Air compressors are costly tools that must be maintained.
One of the best ways to make sure this happens is making sure you drain your air compressor’s tank regularly, so it doesn’t corrode.
Unfortunately, I discovered that there is no comprehensive guide on how to do this, which is why I decided to create the following guide.
Let’s get right into it.
How to Drain an Air Compressor’s Tank
Whether you’re running an air impact wrench or another tool, an air compressor proves itself essential for the day to day of most workers.
Here’s the step by step guide on how to drain an air compressor’s tank and rest assured you’re checking every box to take care of your expensive air compressor.
- Turn the Air Compressor Off
- Open Safety Valve to Release Air Pressure
- Place Container Under Tank
- Locate Drain Valve and Open It
- Tilt Air Compressor to Remove Remaining Moisture
- Close Safety and Drain Valves
1. Turn the Air Compressor Off
The first step should be to completely turn off the air compressor.
This ensures that both you and your air compressor are safe to proceed with the remaining steps.
Also, remove any pneumatic tools currently hooked to the air compressor, so you’ve got plenty of space to work with.
2. Open Safety Valve and Release Pressure
The second step should be opening the safety valve. To do this you must first locate it, and then pull down its ring.
This should allow the tank’s air pressure to be released, allowing you to complete the following steps safely.
When the air pressure inside the tank reaches 10 PSI, you can stop releasing air pressure and proceed with the remaining steps.
Wearing safety glasses is mandatory here; otherwise, you risk having debris shot into your eyes, which could result in serious injuries.
3. Place Container Under The Tank
When you finish the next step, all of the moisture in the air tank will be released.

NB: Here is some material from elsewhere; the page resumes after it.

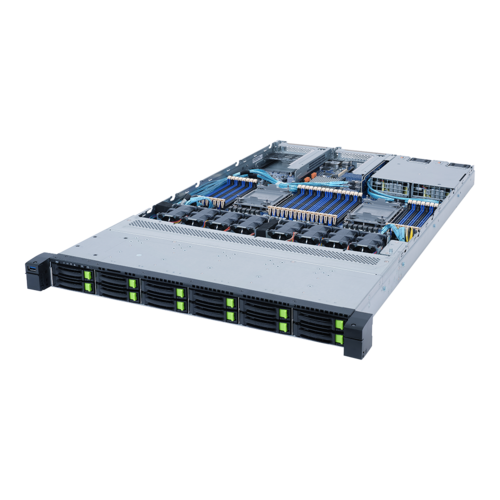 R182-NC0 (rev. 100) - Rack Servers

That’s why I always put a large container right under the drain valve so that all the liquids that come out of the air tank have somewhere to go.
4. Locate Drain Valve and Open It
Now comes the exciting part.
Drain valves are standard on all air compressors. These valves are in charge of releasing the water and moisture contained within the tank so that your air compressor’s tank does not corrode.
The majority of drain valves are found directly beneath the air compressor’s tank. You can identify yours by reading the manual or simply inspecting your air compressor.
Once you’ve found it, you must fully open it. This will allow the water to exit the air tank and hopefully fall into your container.
Allow the drain valve to remain open until all water has been removed. Then, close it.
5. Tilt Air Compressor and Remove Remaining Moisture
Even after opening the drain valve and letting all of the water out, there is usually some water left.
This is why I recommend tilting the air compressor. That way, you’ll be assisting the water in finding the path of least resistance, which is the drain valve.
This should be sufficient to remove all of the water from the air compressor’s tank.
6. Close Drain Valve
After completing steps 4 and 5, you will be certain that all of the water has been removed from the air compressor’s tank.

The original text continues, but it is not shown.